The "divine right of kings" is a faulty expression. The authority of kings is indeed divine, but so also is every authority in the world, whether it be that of a king, or the president of a republic; whether it be that of a governor, a judge, or a magistrate down even to a policeman or a taxgatherer; and, in other spheres, an officer of an army or a ship, or a foreman of labourers, a husband, a father, or a schoolmaster. All existent authority in the world is divine; and government in the present fallen state of man is a divine blessing. Man may abuse the authority entrusted to him, and for that will give account in the judgment. But the authority which he either uses or abuses is placed in his hand from above; and as long as it exists, cannot be disobeyed with impunity. The dogma that "power proceeds from the people," is a fallacy. Historically, it has not been the fact. Under a democratic government it may appear to be so, simply because God may permit that form of administering. His power; but in the history of mankind, democracy has been exceptional, and the prevailing governments of Christendom, excepting America and France, are even now, either of a mixed nature, or, as in Russia, autocratic. The case of Russia itself refutes the axiom. The population is over 125 millions; power is not with the people there, much less does it proceed from them; indeed, they are engaged in a frantic struggle to clutch it. British India contains one-seventh of the population of the globe. Does power inhere in its people? On the contrary, its millions have been controlled to the present time by a handful of Englishmen.

It is well to understand thus, the true nature of present government, in order to appreciate the change which there will be in the closing period of the present age. There will not then be government of divine origin as now; neither will there be the negation of government as desired by anarchists, except perhaps briefly during the tumult out of which arises the Roman beast (Rev. 13:1). Government there will be, but its dreadful character is that it will be energised by Satan. The Roman Empire has been; then there is a period of non-existence; but in its final form it comes up out of "the abyss" is of Satanic origin. The prophet in this enlightens us as to the true origin of the beast, although instrumentally and proximately it arises from amongst the mass of the nations in a state of confusion; for the beast is seen "rising up out of the sea" (Rev. 13. 1). Now, "waters," as a prophetic symbol, is interpreted in Rev. 17:15 to mean "peoples and multitudes, and nations and tongues." By analogy, then, "the sea" would mean the same in a state of agitation and commotion — possibly anarchy.

How strong already is the tendency to this state of politics is plainly to be seen. Anarchy is now openly professed. A few years back, to say that any given course tended to anarchy or even socialism was to condemn it; but anarchism is now a force to be reckoned with, and so indeed are milder forms of dangerous opinion, whose inevitable goal is the upsetting of authorised government. Out of the midst of such a state of the world, Satanic influence will raise up a mighty head of the Roman Empire, who will receive universal acceptance and homage. Thus is "the beast" to come up out of the abyss. The source of power or government in that day will not be as now, divine, but it will be "the dragon" that will give to the beast "his power, and his throne, and great authority." This is necessary to be explained in order to understand the nature of "the great tribulation."

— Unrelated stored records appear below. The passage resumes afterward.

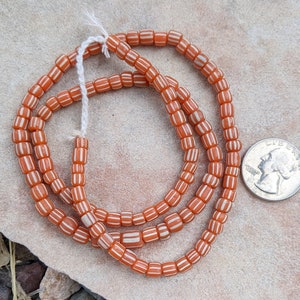 May include: A strand of orange and white striped glass beads. The beads are cylindrical and have a glossy finish. The beads are strung on a white cord.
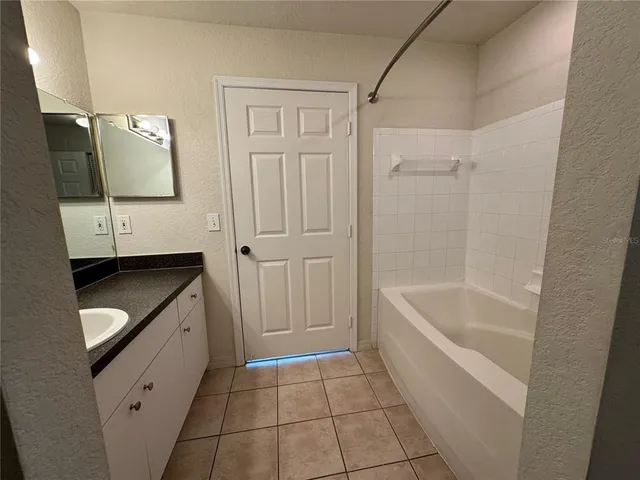 a bathroom with a granite countertop sink a toilet and bathtub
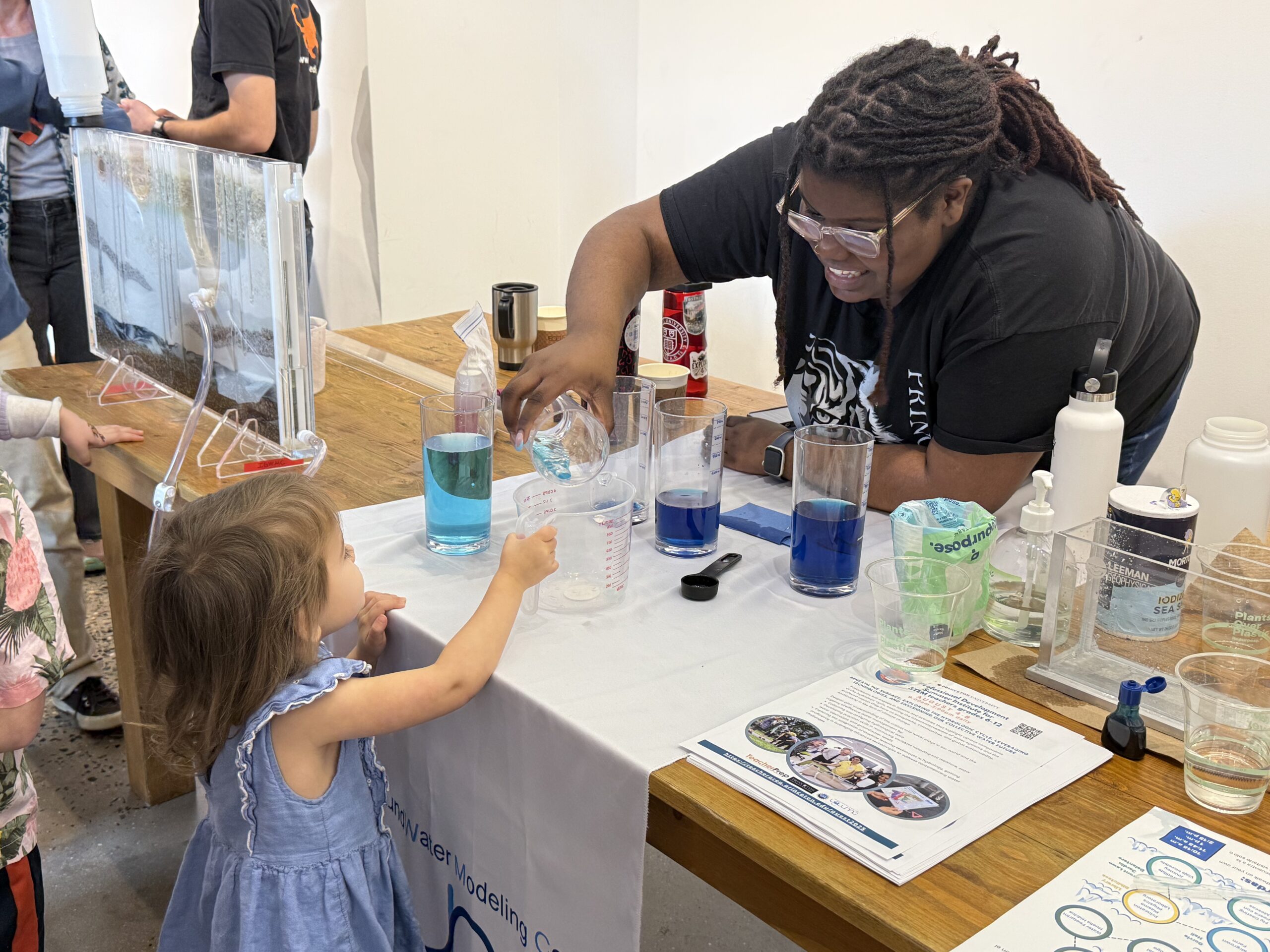 UMES alumna Jasmine Pinchinat now working at Princeton helps a child with an experiment during Princeton World Water Day education and outreach event.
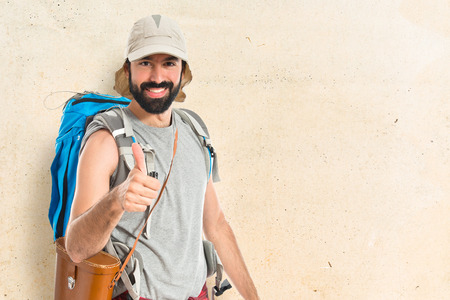 Man with thumb up over white backgroundの写真素材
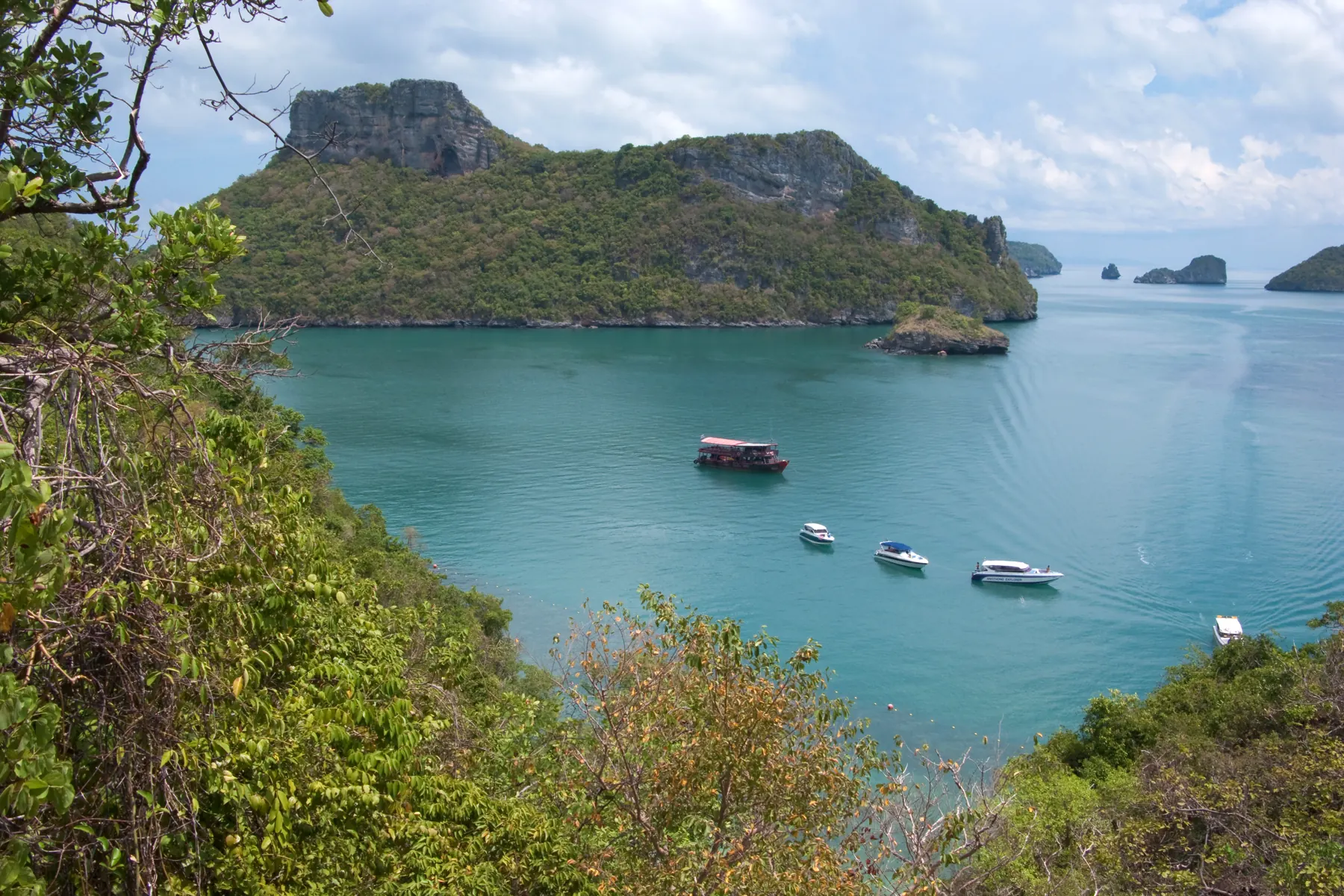 A turquoise bay in Mu Ko Ang Thong marine park, with shallow water, a pale beach and limestone cliffs
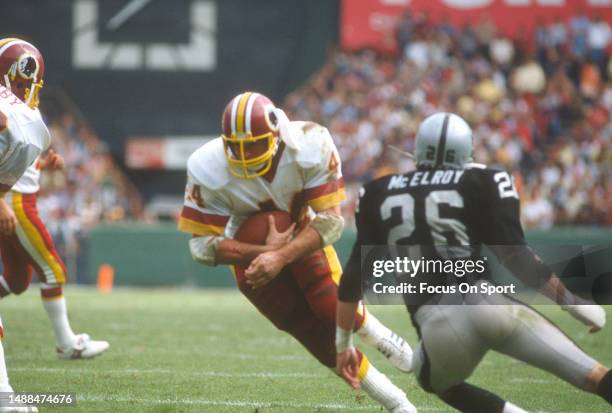 John Riggins of the Washington Redskins runs the ball during an NFL game against the Los Angeles Raiders on October 2, 1983 at RFK Stadium in...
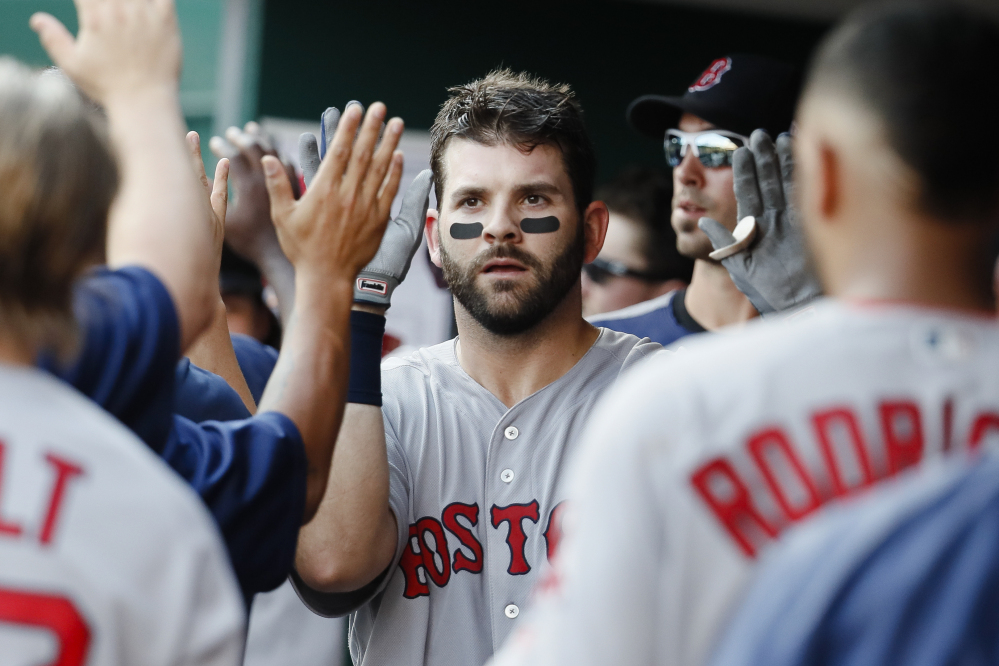 Boston's Mitch Moreland celebrates in the dugout after hitting a three-run homer off Cincinnati's Robert Stephenson in the sixth inning of Saturday's game in Cincinnati. The Red Sox won, 5-0.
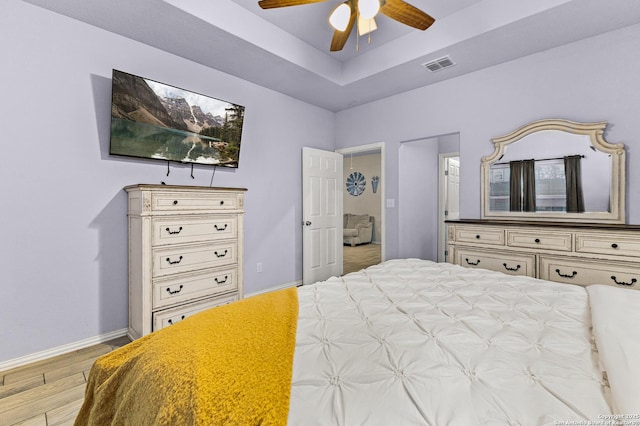 bedroom with baseboards, visible vents, a ceiling fan, wood finished floors, and a tray ceiling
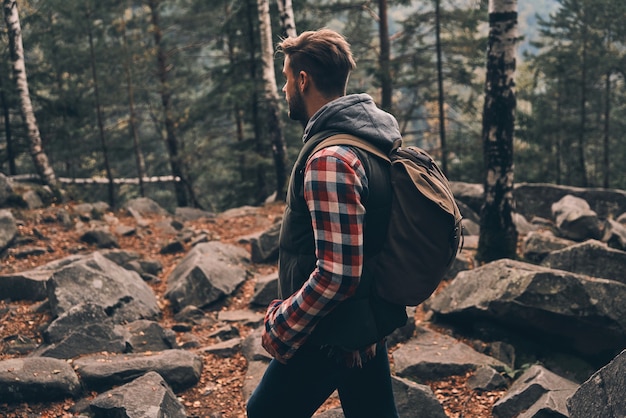 Photo keep moving! young man carrying backpack and looking away while standing in the woods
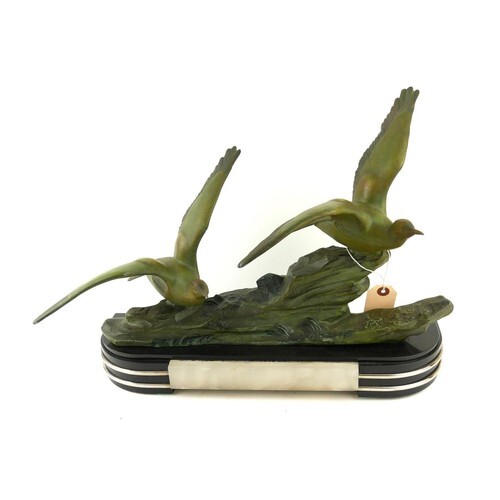 AN ART DECO SPELTER AND MARBLE BIRD SCULPTURE Two spelter co...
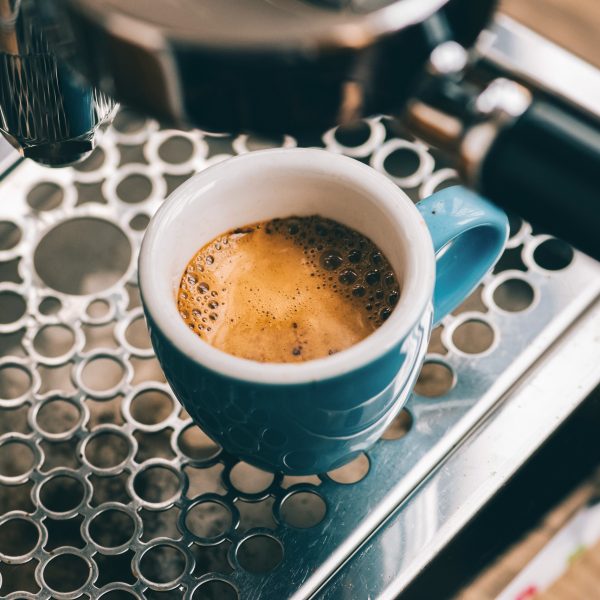 Nahaufnahme einer blauen Espresso-Tasse auf dem Gitter einer Siebtr&auml;germaschine.
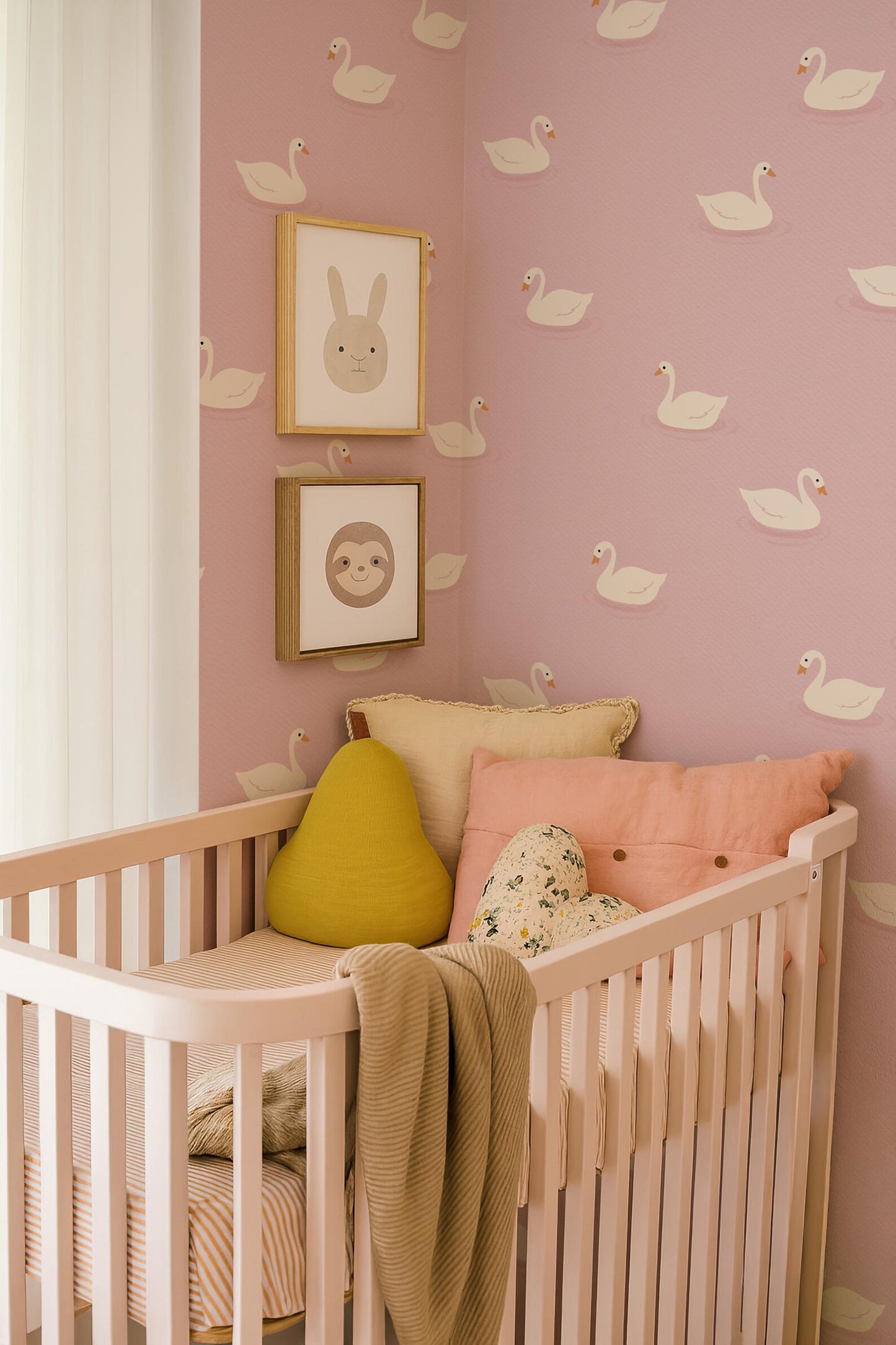 a nursery with a pink wall decorated with white swan patterns. In the corner of the room, there is a white crib with a yellow pillow and a pink blanket. Above the crib, there are two framed pictures of swan faces.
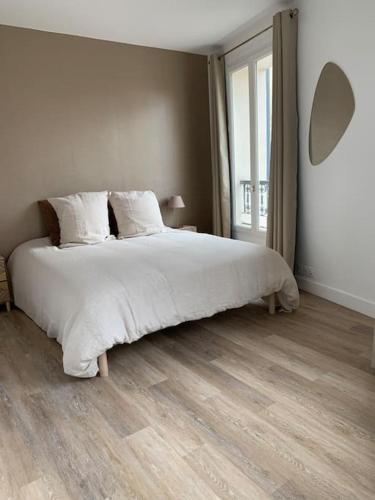 une chambre avec un grand lit et une grande fenêtre dans l'établissement Charmant 2 pièces rénové parc des expositions porte de Versailles, à Vanves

Considering that the revival of the Roman Empire was prophesied of nineteen centuries ago, it is not a little remarkable that, quite apart from prophecy, the idea of that restoration is now beginning to occupy men's thoughts as a measure of practical politics. Two principal movements of our day occasion many anxieties to statesmen and to all who look below the surface of daily events. One is the enormous increase of armaments, so great and still multiplying — that the wisest wonder where it all leads to. The other is, accretion of power in the hands of the people, along with the fostering of such wild schemes of socialism and anarchy, as threaten the very existence of society. "A future Roman Empire: a possible result and solution of some modern political and economic problems," is the title of a most thoughtful and interesting book by Mr. G. E. Tarner (London: Elliot Stock). The title itself indicates the aim of the work. The author says, "In a former treatise on some conspicuous developments of the times — 'State-provided Education,' 'Combinations in Restraint of Trade,' find 'The Gradual Transfer of Political Power to the Largest Class' — I attempted to show that their mutual action, proceeding unchecked on present lines, would result in producing a state of things in the form of a universal anarchy that humanly speaking could only be effectually dealt with by a Roman Emperor" (p. 2). Referring to the loss to the world through the dissolution of the ancient Roman Empire, Mr. Tamer remarks, "The Roman policy, which, while welding together for imperial purposes the diversified components of the empire … produced such a general confidence, and consequent material prosperity, throughout its various provinces, as to result in long periods of profound internal peace and general tranquility — the Pax Romana" (p. 11).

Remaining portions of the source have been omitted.